As you may have gathered from my previous paragraph, subtlety is not the film’s strong point. Although the film does a reasonable job of displaying the various gut-wrenching predicaments of life which are hard enough to get through with God, and even harder without him, everything is presented in nice, clear extremes. It’s all ever so nice and clear, in fact, enjoyable to watch if you’re already convinced of the film’s central message (which is that ‘God’s not Dead’, in case you were in any doubt) but probably rather off-putting—and liable to provoke a dismissive stance—in anyone who isn’t.
One of things I enjoyed was the way the lives of all the various characters interlink and intersect. It showcases the way God works through a web of subtle influence (okay, not so very subtle in this film, but anyway) to bring about good from evil. But non-Christian viewers in particular may be frustrated by the fact that virtually every non-Christian character has had some kind of conversion by the end. That’s just so in-credible, I can hear them moaning.

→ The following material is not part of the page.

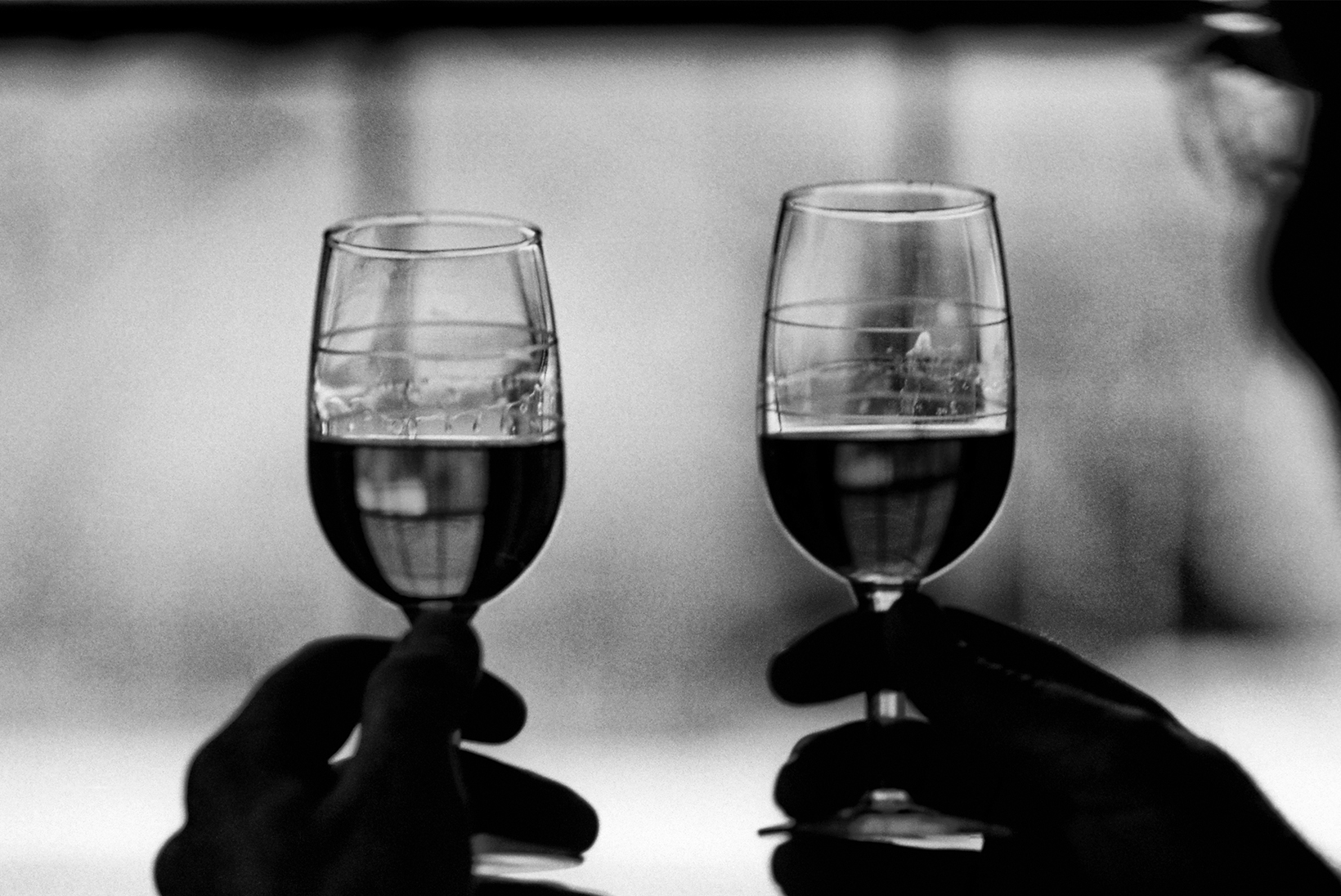 Two wine glasses held up in a toast.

I can see why they might feel that way, though the argument doesn’t entirely hold up. After all, filmmakers tell stories about the people something actually happens to. A film about someone nothing happened to would be extremely dull. A faith-based film is therefore going to follow the people something faith-related actually happened to, not the several thousand characters seen moving around in the background, to whom, presumably, nothing happened. But to really satisfy a non-faith audience, the film should probably have left a bit more irresolution with regard to some of the non-Christian characters, rather than giving in to the temptation to wrap up the ending ever so pristinely, with scarcely a messy loose end in sight.

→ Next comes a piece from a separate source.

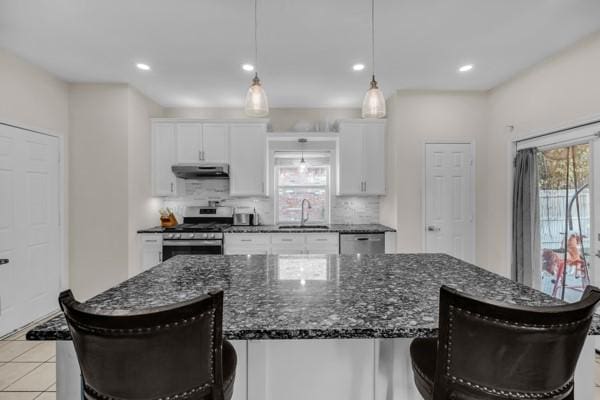 kitchen with white cabinets, stainless steel stove, and a kitchen island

The film clearly takes the Evangelical stance—which may well seem extreme to Catholics and more moderate Protestants—that if you haven’t absolutely 100% explicitly acknowledged Jesus as Lord and Saviour, you’re going straight to hell, but the attitude is not obtrusive enough to seriously mar viewing enjoyment. I think I was supposed to have heard of/recognise some of those famous Evangelical figures & pop groups who made cameos, but I’m afraid it was lost on me!
One thing that struck me was right at the end. After the end credits, the film states that it was inspired by and based on all the cases where individuals and college groups have had to go to court to defend their right to their beliefs. And then there’s a list. And it’s a long list. Quite sobering.
Overall: I did enjoy this film much more than I expected, and may well watch it again, however, I think even I, as a committed Christian, would have much preferred it—and enjoyed it more—if characters and events had been more balanced, and less ‘cardboard’.
Sex/Violence/Profanity: None at all, that I can recall.